Ludomedia è il social network per chi ama i videogiochi. Iscriviti per scoprire un nuovo modo di vivere la tua passione.

Violenza nei videogiochi, bisogna conoscere i limiti - editoriale

Sparare a una folla di studenti senza alcun senso può essere divertente? È una domanda che emerge spontanea dopo che uno sviluppatore che Valve ha definito un "troll", noto come Ata Berdiyev, ha provato a far pubblicare su Steam un "simulatore di sparatorie di massa nelle scuole" dal titolo Active Shooter. I frequenti casi di cronaca nera che ci arrivano dagli Stati Uniti sono un contesto troppo delicato per un prodotto di questo genere. È subito scattata la denuncia di Infer Trust, associazione che fornisce supporto e consulenza a chi ha sofferto di violenza causata dalle armi. Difendendo il suo operato l'autore del gioco ha consigliato di "non prenderlo seriamente. È da prendere solo come una simulazione e nient'altro".



Si poteva vestire i panni sia dell'operatore SWAT che deve intervenire sia di chi, invece, sta sparando sugli innocenti. È soprattutto quest'ultima possibilità ad aver alzato il polverone.
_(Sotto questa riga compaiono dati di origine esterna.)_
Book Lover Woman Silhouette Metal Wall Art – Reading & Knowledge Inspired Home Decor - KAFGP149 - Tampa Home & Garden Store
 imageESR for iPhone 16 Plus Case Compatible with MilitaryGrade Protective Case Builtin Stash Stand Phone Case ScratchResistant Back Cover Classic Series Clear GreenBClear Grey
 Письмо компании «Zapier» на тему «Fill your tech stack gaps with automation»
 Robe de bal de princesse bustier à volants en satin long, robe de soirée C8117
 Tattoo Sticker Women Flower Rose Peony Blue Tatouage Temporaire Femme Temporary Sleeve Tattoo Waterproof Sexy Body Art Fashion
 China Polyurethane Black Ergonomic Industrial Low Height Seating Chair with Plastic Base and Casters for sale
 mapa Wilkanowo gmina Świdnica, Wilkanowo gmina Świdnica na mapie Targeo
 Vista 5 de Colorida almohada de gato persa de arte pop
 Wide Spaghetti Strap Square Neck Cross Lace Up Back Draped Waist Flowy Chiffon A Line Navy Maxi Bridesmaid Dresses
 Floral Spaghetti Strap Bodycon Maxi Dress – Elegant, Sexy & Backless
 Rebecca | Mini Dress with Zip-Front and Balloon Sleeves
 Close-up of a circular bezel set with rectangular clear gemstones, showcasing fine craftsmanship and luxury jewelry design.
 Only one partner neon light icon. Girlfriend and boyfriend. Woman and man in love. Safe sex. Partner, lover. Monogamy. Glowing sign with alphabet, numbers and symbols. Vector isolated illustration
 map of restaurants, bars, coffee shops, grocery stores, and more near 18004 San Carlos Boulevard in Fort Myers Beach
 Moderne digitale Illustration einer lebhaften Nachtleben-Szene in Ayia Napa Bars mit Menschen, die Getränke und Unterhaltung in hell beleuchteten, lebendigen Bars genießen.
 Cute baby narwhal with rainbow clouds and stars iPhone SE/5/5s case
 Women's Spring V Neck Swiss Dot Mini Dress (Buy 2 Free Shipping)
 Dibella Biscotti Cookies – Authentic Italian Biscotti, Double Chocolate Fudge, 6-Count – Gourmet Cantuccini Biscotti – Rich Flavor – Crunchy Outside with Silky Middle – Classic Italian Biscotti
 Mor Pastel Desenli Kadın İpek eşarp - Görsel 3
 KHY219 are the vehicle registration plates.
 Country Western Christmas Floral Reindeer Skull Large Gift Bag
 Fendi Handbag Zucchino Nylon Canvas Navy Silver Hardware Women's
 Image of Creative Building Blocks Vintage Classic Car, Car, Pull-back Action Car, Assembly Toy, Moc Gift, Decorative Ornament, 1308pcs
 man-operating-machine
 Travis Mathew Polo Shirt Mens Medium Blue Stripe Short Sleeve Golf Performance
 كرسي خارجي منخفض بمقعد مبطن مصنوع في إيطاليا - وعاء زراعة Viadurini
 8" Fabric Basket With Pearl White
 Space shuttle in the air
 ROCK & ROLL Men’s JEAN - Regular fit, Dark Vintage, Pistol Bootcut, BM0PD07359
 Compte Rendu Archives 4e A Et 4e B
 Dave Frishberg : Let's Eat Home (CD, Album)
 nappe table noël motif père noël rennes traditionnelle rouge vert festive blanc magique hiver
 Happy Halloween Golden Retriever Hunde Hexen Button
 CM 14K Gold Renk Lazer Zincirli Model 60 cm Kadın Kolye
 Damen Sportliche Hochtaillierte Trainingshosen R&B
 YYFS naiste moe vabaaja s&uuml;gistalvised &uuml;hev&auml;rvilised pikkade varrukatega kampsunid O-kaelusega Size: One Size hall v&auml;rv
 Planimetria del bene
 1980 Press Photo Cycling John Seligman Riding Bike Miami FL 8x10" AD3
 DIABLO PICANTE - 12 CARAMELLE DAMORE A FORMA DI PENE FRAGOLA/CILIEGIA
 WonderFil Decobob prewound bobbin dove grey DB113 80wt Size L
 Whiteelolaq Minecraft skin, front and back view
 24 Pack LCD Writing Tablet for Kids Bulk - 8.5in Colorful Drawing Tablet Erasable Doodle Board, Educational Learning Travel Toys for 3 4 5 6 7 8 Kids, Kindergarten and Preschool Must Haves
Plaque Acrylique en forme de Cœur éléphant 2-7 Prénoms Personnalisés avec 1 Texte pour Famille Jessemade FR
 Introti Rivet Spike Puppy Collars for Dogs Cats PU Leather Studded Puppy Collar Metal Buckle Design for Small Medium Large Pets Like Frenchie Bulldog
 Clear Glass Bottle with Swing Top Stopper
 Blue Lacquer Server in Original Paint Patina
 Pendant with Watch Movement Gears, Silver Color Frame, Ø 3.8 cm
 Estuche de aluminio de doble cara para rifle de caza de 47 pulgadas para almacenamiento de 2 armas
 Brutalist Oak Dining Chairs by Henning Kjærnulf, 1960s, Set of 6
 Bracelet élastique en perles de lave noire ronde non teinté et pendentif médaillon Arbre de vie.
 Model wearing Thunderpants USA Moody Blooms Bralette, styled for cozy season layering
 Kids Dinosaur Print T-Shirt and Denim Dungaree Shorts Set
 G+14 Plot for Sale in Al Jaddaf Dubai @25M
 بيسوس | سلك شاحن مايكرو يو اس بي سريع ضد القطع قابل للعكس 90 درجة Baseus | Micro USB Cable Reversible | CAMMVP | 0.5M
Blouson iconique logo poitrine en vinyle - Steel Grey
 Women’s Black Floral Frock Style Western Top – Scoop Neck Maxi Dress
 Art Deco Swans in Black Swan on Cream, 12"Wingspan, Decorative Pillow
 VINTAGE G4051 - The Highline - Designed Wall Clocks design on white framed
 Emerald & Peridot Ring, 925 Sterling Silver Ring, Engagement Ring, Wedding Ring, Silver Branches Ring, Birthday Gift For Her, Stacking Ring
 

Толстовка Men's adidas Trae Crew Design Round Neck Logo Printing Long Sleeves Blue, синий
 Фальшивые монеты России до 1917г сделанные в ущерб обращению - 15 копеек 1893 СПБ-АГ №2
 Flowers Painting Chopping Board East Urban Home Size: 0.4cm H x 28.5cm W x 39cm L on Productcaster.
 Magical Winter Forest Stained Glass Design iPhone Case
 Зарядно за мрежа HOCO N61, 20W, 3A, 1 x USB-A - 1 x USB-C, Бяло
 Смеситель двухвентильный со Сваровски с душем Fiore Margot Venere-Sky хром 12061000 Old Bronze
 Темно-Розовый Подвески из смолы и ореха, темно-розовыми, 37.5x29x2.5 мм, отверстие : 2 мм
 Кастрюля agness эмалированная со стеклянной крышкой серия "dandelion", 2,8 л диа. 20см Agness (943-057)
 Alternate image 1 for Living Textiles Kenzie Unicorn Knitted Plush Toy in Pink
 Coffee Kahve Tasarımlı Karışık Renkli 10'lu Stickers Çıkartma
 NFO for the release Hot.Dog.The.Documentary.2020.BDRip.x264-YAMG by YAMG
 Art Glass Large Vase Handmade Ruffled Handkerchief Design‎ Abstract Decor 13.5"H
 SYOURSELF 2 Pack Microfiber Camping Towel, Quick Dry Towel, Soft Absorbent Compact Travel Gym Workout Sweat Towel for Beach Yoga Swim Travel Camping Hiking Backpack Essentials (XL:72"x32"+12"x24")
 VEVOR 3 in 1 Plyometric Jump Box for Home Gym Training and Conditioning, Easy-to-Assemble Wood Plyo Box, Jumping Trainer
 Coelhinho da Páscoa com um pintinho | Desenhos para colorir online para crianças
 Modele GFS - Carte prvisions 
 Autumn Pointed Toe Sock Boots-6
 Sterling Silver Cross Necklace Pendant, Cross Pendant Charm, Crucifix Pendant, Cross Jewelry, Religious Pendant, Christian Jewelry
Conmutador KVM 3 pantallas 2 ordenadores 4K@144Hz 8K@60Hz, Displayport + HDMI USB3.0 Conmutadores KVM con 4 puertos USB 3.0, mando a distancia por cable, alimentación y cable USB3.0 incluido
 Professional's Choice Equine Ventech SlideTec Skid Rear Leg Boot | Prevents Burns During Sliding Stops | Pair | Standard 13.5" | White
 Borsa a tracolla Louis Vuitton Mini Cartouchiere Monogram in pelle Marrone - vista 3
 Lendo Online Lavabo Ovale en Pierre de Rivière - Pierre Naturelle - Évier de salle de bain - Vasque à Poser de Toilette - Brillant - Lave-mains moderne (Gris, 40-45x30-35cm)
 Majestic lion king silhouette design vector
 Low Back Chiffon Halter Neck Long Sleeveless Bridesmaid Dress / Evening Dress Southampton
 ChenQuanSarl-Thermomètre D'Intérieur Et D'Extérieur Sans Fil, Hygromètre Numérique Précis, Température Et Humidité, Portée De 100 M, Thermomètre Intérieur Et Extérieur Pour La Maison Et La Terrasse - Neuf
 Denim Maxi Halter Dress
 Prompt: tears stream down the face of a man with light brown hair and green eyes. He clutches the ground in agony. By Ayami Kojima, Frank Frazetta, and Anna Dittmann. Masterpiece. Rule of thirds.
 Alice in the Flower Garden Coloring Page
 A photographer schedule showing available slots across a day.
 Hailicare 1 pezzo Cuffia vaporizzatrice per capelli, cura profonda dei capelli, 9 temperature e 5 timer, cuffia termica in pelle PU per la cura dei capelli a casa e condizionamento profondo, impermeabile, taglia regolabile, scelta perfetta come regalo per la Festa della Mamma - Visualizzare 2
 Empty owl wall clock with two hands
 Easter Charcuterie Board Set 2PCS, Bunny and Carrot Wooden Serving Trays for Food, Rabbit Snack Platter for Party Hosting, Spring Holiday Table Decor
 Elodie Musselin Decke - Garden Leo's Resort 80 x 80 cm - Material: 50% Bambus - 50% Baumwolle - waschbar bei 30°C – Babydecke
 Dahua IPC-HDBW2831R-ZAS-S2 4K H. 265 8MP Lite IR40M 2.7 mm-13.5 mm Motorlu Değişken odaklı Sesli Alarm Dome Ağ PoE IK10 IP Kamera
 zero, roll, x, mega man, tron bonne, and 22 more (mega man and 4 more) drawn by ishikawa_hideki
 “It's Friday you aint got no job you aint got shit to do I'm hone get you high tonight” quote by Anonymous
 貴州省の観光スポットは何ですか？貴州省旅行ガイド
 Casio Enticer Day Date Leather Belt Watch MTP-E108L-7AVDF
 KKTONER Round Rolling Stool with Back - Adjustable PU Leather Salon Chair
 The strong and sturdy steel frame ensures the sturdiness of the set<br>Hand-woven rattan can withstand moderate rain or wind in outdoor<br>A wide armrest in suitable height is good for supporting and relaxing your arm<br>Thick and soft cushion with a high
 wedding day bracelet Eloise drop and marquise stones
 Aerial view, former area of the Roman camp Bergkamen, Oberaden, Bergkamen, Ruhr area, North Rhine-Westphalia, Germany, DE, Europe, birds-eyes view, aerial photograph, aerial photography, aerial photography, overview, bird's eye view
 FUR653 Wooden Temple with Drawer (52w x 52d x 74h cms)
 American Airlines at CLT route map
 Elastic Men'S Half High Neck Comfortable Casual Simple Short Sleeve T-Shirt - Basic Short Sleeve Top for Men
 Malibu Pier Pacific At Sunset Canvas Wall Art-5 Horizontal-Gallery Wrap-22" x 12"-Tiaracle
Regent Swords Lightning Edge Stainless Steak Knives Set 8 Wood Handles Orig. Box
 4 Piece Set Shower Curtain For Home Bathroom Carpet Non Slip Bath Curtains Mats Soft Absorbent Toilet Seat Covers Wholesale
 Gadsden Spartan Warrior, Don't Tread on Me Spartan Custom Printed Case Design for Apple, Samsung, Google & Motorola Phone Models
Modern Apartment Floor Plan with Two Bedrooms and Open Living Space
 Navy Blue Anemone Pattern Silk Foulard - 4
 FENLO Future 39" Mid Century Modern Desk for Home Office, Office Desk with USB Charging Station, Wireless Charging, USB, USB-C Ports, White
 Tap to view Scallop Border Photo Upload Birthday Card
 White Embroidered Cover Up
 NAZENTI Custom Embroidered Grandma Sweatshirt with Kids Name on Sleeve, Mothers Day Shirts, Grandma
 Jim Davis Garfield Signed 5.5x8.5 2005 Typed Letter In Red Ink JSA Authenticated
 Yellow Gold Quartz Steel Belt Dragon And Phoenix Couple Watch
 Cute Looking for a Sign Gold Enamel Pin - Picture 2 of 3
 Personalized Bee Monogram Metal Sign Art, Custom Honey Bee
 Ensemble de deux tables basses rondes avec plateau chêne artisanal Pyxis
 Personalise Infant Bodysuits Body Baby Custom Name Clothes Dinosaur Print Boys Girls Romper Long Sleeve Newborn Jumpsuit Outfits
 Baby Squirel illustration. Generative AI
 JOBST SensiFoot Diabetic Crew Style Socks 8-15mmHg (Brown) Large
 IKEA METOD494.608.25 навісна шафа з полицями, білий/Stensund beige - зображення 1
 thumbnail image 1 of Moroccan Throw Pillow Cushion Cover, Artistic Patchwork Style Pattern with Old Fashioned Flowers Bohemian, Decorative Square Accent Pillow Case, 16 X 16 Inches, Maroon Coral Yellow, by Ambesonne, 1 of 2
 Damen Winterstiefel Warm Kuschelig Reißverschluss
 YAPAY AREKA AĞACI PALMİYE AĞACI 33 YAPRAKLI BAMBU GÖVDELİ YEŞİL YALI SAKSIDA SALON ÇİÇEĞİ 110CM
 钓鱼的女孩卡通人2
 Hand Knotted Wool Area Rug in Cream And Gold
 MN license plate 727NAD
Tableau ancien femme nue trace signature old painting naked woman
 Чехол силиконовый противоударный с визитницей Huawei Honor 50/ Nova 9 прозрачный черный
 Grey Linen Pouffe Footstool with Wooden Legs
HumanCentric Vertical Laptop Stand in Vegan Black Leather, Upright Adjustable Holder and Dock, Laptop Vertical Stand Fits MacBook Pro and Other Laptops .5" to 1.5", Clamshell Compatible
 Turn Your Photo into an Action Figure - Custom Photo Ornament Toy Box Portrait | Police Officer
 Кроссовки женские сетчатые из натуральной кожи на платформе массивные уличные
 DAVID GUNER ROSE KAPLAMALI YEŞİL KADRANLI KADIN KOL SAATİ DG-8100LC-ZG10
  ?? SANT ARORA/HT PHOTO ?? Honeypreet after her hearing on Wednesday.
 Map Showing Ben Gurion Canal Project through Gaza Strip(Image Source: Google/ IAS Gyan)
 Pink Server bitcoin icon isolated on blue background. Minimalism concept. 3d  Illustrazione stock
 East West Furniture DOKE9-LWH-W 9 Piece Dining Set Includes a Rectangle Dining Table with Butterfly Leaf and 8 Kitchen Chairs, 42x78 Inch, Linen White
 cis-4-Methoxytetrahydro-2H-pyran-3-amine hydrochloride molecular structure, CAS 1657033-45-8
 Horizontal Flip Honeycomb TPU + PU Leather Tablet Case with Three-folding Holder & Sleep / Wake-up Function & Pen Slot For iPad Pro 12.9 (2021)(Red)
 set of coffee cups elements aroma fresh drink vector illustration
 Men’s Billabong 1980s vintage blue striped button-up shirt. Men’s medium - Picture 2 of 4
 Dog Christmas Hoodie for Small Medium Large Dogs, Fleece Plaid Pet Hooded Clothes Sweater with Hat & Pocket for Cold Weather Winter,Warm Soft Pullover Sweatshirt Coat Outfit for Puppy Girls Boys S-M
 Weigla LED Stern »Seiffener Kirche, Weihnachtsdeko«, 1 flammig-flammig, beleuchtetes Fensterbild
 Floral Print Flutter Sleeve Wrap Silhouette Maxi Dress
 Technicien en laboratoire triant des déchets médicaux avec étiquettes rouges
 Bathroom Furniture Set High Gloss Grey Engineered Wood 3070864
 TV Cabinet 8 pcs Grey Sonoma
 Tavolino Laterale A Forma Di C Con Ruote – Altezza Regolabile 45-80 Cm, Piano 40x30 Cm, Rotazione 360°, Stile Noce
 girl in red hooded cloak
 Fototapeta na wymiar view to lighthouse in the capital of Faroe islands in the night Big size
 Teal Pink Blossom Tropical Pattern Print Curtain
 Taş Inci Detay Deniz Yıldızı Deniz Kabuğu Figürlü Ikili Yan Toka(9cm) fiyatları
C'è poco da dire: Active Shooter era un'operazione bieca, spudoratamente finalizzata a proporre soltanto degli asset di un motore grafico leggermente modificato per provare a guadagnare qualche soldo a costo quasi zero, una pratica nota come "asset-flipping". Il fatto, però, riporta alla luce un discorso che deve essere affrontato: quanto in là è giusto che il videogioco si spinga quando si tratta di rappresentare eventi reali di violenza? Siamo pronti per supportare e sopportare esperienze interattive che facciano della violenza gratuita legata a fatti reali un semplice divertimento? Soprattutto dovremmo mai essere pronti ad accettarlo?